Other churches and monuments in Cagliari

  • Basilica of Our Lady of Bonaria - The monument of Our Lady of Bonaria, the most important Marian shrine of Sardinia, located on the hill of the same name, in the south-east of Cagliari. Built in 1300 by the Aragonese, c omprende the sanctuary, the church and the convent of the father Mercedari. The complex takes its name from the wooden statue of Our Lady, who according to legend arrived on the beach of Bonaria in 1370, brought by the waves after the sinking of the ship that was transporting. The sanctuary is the small fourteenth-century church, originally a chapel of the citadel fortified Aragonese. The simple facade hut houses the Gothic portal recovered from the medieval church of San Francesco in Stampace, demolished in the nineteenth century, the interior, in the Gothic style - Catalan, houses the high altar on which is the fourteenth-century wooden statue of Our Lady and Child, known as Our Lady of Bonaria, half of the devotion of the faithful. The construction of the Basilica dates back to 1704, when the friars Mercedari decided to build a larger church in honor of Virgin Bonaria. The construction of the church, after many interruptions, finished in 1926, when Pope Pius XI conferred the title of Basilica Minor. The Basilica, a Latin cross plan, has a limestone facade with a large porch, above which there is a triangular pediment that contains the emblem of the Order of Mercy. The interior is divided into three naves, with a large transept surmounted by a domed octagonal. The altar is surmounted by a large canopy supported by four columns in green marble, decorated with figures of angels, capitals and arches in gilded copper. In front of the presbytery is a reproduction of the statue of Our Lady of Bonaria. In the aisles open chapels, four right and three on the left, where there are large canvases depicting the Madonna, dating back to the 50s of the twentieth century. In the transept is the chapel of the Madonna della Vittoria or Caduti, built in 1930 for wish of the mothers of the fallen in war, adorned with a marble altar in Baroque style with a bas-relief depicting the Pietà. In the cloister of the monastery you can visit the Museum of the Sanctuary, which houses the most ancient votive offerings donated by the many faithful, as well as archaeological evidence of Colle di Bonaria, model ship and vestments.
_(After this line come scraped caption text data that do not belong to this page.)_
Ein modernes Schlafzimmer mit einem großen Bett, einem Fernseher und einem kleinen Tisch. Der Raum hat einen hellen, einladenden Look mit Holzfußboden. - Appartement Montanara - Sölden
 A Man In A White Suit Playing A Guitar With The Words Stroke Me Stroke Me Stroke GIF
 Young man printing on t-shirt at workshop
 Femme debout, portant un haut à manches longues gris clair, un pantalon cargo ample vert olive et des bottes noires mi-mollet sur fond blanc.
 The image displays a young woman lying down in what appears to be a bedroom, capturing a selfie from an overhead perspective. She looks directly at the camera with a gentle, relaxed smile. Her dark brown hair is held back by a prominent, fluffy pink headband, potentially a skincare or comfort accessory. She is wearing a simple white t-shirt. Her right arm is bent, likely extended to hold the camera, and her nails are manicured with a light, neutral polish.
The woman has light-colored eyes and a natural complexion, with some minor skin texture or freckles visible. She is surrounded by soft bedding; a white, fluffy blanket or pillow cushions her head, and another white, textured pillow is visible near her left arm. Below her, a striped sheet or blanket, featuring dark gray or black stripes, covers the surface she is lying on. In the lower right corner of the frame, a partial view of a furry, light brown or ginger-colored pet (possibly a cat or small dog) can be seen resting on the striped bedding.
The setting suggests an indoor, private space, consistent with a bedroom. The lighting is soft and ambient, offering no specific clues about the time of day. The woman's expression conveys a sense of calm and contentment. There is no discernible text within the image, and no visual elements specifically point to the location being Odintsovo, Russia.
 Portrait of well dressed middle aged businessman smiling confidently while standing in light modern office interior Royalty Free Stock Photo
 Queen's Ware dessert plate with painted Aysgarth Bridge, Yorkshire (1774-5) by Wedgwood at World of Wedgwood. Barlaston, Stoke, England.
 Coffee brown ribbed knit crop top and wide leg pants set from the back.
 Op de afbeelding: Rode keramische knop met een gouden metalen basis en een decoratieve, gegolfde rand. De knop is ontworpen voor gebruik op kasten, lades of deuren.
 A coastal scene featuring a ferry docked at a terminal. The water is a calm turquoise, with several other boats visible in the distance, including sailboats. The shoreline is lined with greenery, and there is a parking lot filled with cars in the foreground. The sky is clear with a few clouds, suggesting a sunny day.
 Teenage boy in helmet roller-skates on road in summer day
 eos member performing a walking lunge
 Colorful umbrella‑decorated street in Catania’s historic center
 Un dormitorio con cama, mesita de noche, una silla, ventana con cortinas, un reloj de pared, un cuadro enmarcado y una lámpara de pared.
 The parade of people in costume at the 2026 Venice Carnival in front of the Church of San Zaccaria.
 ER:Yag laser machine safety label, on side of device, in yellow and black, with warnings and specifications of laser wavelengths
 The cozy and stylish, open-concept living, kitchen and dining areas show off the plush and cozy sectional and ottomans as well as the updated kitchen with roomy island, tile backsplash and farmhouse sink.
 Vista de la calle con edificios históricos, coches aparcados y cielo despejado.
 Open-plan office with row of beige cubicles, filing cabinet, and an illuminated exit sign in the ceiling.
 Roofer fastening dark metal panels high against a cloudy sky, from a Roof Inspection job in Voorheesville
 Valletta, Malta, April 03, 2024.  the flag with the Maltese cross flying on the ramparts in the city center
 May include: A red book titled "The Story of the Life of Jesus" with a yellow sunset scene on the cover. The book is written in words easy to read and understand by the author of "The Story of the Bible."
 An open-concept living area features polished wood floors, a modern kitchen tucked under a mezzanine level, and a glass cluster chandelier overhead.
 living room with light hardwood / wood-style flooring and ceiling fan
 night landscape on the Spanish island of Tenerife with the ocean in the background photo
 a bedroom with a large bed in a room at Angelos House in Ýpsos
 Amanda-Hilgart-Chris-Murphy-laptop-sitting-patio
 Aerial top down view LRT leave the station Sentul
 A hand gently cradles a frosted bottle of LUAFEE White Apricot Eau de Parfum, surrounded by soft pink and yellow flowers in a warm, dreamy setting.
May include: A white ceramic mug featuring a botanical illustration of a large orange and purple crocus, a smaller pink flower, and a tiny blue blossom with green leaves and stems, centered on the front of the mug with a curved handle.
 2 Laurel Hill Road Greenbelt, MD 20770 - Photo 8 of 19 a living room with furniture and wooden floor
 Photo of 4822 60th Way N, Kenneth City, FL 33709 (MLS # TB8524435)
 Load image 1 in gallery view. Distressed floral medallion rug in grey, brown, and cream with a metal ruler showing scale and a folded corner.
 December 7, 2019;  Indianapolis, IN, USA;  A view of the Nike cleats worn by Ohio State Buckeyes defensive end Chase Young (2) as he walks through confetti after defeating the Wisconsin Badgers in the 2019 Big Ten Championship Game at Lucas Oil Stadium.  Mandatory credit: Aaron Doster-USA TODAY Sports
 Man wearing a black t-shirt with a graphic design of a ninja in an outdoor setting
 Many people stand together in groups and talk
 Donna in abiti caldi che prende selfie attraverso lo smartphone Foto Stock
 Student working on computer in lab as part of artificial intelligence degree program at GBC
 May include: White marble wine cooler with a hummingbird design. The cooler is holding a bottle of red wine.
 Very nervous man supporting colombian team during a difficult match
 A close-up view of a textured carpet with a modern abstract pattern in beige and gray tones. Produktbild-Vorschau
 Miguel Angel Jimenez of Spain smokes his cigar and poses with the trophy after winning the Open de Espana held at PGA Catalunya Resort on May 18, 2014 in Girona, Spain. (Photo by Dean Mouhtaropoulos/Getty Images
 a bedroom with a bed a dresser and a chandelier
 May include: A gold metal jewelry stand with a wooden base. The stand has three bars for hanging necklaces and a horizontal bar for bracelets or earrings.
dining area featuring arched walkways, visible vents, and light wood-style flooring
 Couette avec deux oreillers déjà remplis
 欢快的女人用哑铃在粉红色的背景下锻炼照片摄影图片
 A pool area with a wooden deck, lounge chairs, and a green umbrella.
  • Basilica di San Saturnino - It's one of the most ancient Christian monuments in all of Sardinia, and one of the most important of the Mediterranean basin. Dedicated to the patron saint of the city, was built between the fifth and sixth century at the place where it was the martyred saint, in an area of great archaeological interest for the presence of a Roman necropolis and a Christian. Reworked in Romanesque, was restored and reconsecrated recently.